On Ananova
Quote:
Asteroid could wipe out a continent in 2019
Astronomers have found an asteroid that appears to be on a collision course with Earth.
It has been described as the most threatening object yet detected in space.
A preliminary orbit suggests that 2002 NT7 could strike the planet on February 1, 2019.
The BBC reports astronomers have given NT7 a threat rating on the Palermo technical scale of 0.06, making it the first object to be given a positive value.
Although they say it merits attention, they expect more observations to show it is not on an Earth-intersecting trajectory.
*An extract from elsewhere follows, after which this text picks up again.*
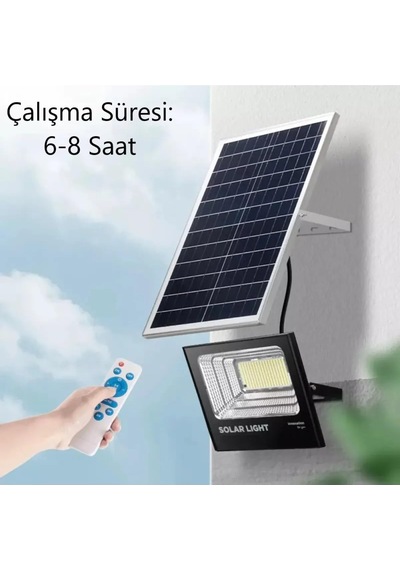 Ct-4648 100w Kumandalı Güneş Enerjili Solar Led Projektör Beyaz Işık 6400k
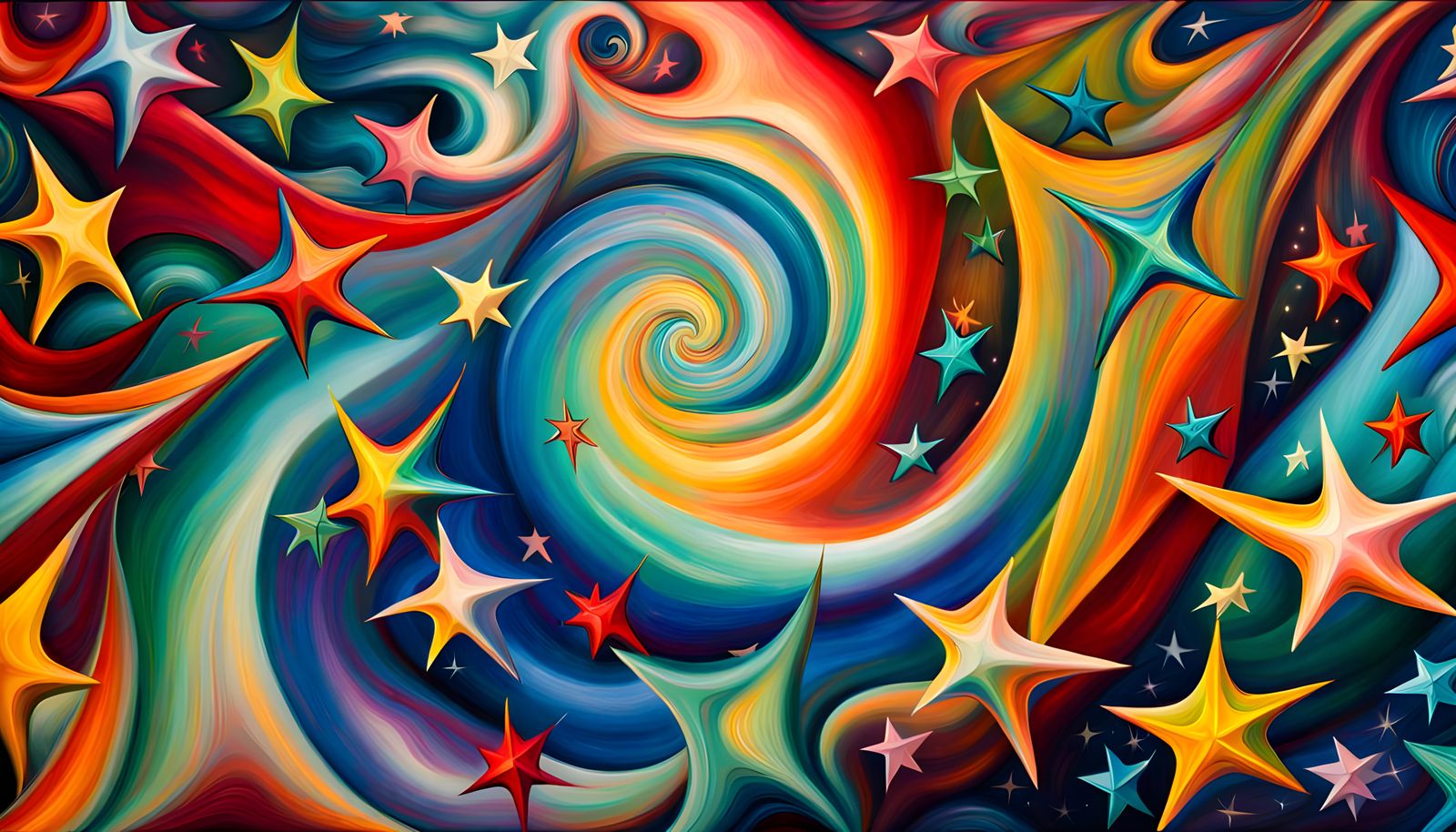 Stellar Vortex: Iridescent Stars in Impasto Oil Style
The asteroid is estimated to be about two kilometres wide, large enough to cause continent-wide devastation on Earth.
It was first seen on the night of July 5 by the Linear Observatory's automated sky survey programme in New Mexico.
Dr Benny Peiser, of Liverpool John Moores University, told BBC News Online: "This asteroid has now become the most threatening object in the short history of asteroid detection."
But he added: "This unique event should not diminish the fact that additional observations in coming weeks will almost certainly - we hope - eliminate the current threat."
Dr Donald Yeomans, from the US space agency's (Nasa) Jet Propulsion Laboratory in California, said: "The error in our knowledge of where NT7 will be on February 1, 2019, is large, several tens of millions of kilometres."